My heart drops to my stomach. If I thought he looked good last night in his uniform, it’s nothing compared to what he looks like now.

It’s almost insulting. What kind of person looks this good this early in the morning?

“What can I do for you?” I manage, my words escaping my mouth in a frog-like croak. “It’s not about last night, is it? Do I need to sign something? Or give another statement?”

He leans on the counter and looks me up and down. His eyes linger on my chest a second or two too long. I want to throw myself at him. Feel his huge, strong hands caress my body.

“No,” he says, “this is more of a personal visit.”

“Personal?” I gulp, taking a step towards him. My legs tremble. I’ve been fantasizing about this moment all night. Could my dreams be coming true?
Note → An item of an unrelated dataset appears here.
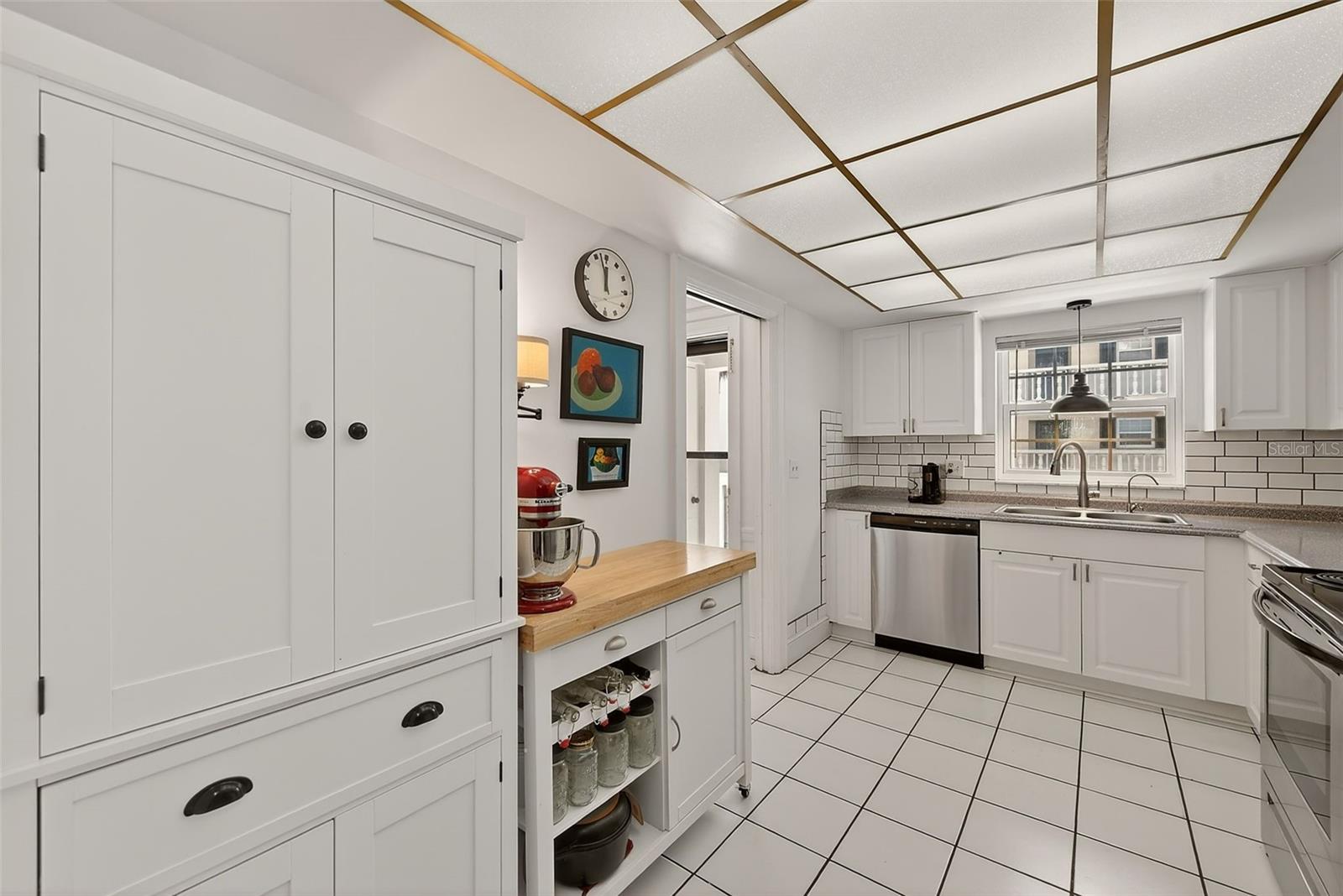 Image 13 of 40 For 139 Bluff View Drive 107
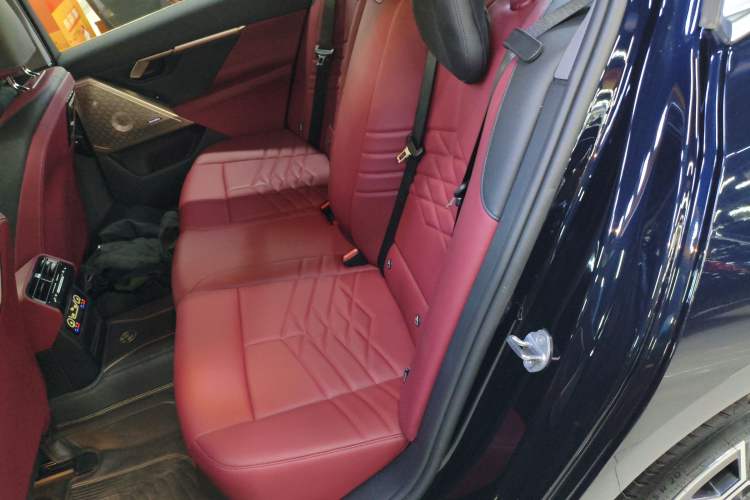 Used BMW 5 Series 2025 530Li Luxury Edition M Sport Package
“I was hoping I could buy you dinner,” he says. "That is... if you don't have a boyfriend?"

“Dinner?”

He smiles at me, and I mentally facepalm myself. It’s like my brain has crashed. All I can do is hopelessly repeat words he’s just said.

"Boyfriend?"

I want to come off as devilishly sexy. But instead, I’m acting like a total idiot.

Although, in my defense, it’s not every day a drop-dead handsome man walks into my bakery and asks me out. In fact, it's literally never happened.

“Saturday night?” he says, “around eight?”

“Shit!” I say, immediately covering my mouth with my hand. I didn’t mean to say that out loud. My cheeks start to burn, and when I look in the mirror to my side, I’m so red I look like a giant tomato. “I mean… I can’t do Saturday. It’s my sister’s wedding. Unless….” The words catch in my mouth. I can’t believe I’m about to say this. It’s madness. I’ve only just met the man. “You want to be my date?”

“To your sister’s wedding?” he asks uncertainly.